BEGIN
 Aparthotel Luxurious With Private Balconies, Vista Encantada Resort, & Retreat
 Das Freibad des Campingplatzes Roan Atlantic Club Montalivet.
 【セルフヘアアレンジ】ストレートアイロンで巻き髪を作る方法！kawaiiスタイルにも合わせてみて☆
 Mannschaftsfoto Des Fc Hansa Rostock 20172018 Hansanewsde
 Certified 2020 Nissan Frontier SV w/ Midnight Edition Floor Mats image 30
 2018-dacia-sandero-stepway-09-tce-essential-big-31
END
→ **ACTION ITEM**
From the line containing "Certified 2020 Nissan" through the last line of the entries above, print every line exactly, including both ends, and nothing else.

→ **OUTPUT**
 Certified 2020 Nissan Frontier SV w/ Midnight Edition Floor Mats image 30
 2018-dacia-sandero-stepway-09-tce-essential-big-31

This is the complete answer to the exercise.